Presented by Paul White (CSEP). Paul is a former president of the Wasatch chapter of INCOSE and works as a program manager at BAE Systems.

• The Minuteman was designed and deployed in the 1970’s and is still in use! We are reminded that half a century ago, systems engineers were successfully designing very complex systems. (The Apollo space program is another example). Technology has changed a lot since then; the principles of designing complex systems, not so much.
• The Minuteman ICBM is a system that is part of another system – the nuclear triad – that in turn forms part of the diplomatic and military system to defend our nation from foreign military threats. As Paul pointed out, if the Minuteman ICBM is ever launched to strike an enemy target, it will be because of a catastrophic failure of the diplomatic/military defense system. An interesting example of a system of systems where the purpose of a subsystem is to ensure that it is never used!
• Paul gave a brief biography of Simon Ramo, the father of the ICBM. Like me, he was born in Salt Lake City and worked for a while at General Electric. Like the students in the room, he attended the University of Utah where he studied engineering. After graduating with a BS in electrical engineering at age 20, he went on to receive dual PhD degrees from Cal Tech and then had distinguished careers at General Electric and Hughes Aircraft. He became one of the founders of TRW. For more information about his long and distinguished career, see the Wikipedia article on Simon Ramo.

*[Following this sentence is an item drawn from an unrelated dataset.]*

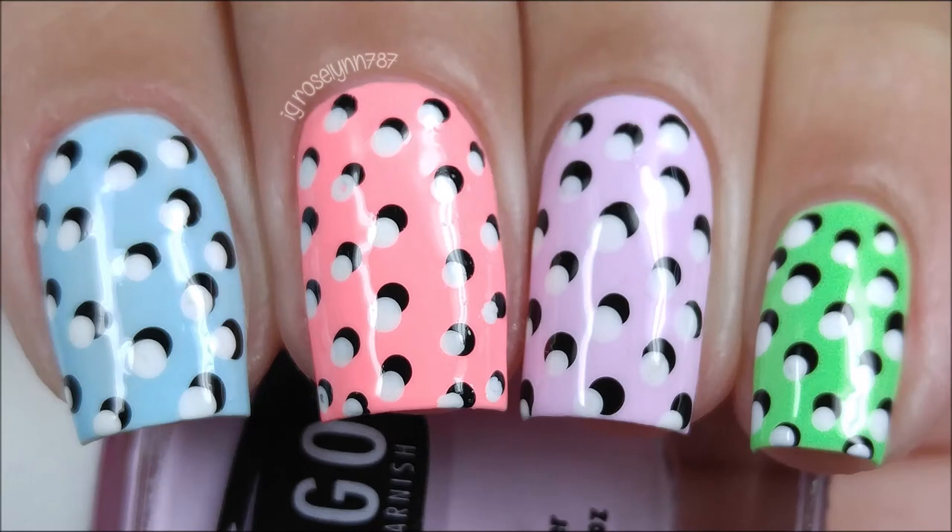Hi guys, welcome to my channel, or welcome back to my channel. I'm Rose and today I'm back with a nail art video — this was another mani I had saved on my hard drive that I never got to share.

Interface Management Primer

Presented by Elgan Iorwerth. Elgan is the president of the Wasatch chapter of INCOSE and works as a systems engineer at KBR.

This presentation revealed a big gap in my knowledge of systems engineering. I have never worked for a project where we did a good job defining interfaces. This puzzled me because well-defined interfaces are key to many desirable results, including concurrent development, effective use of purchased components, and easier component and integration testing. I also noticed that when I was learning SysML, the chapter on modeling interfaces was by far the most difficult for me to understand. Elgan made several points that gave me insight into my difficulties with interfaces.

• Interfaces are multi-dimensional. Some dimensions are technical, but others are organizational. If different organizations are developing parts of a system, the interface between the parts also governs the interactions between the organizations.
• Interfaces should be developed from the inside-out. If one interface has to be changed, it should affect as few other interfaces as possible. The OSI network communication protocol is an example of a system designed to encapsulate the functionality of each of its seven layers within well-defined interfaces.
• Some interfaces are dynamic rather than static. For example, a device may draw more current when it first powers up and then use less power when it is running. The power supply needs to accommodate this initial surge.

With these insights, I’ll go back and reread the chapter on modeling interfaces in SysML. Maybe it will be easier to understand.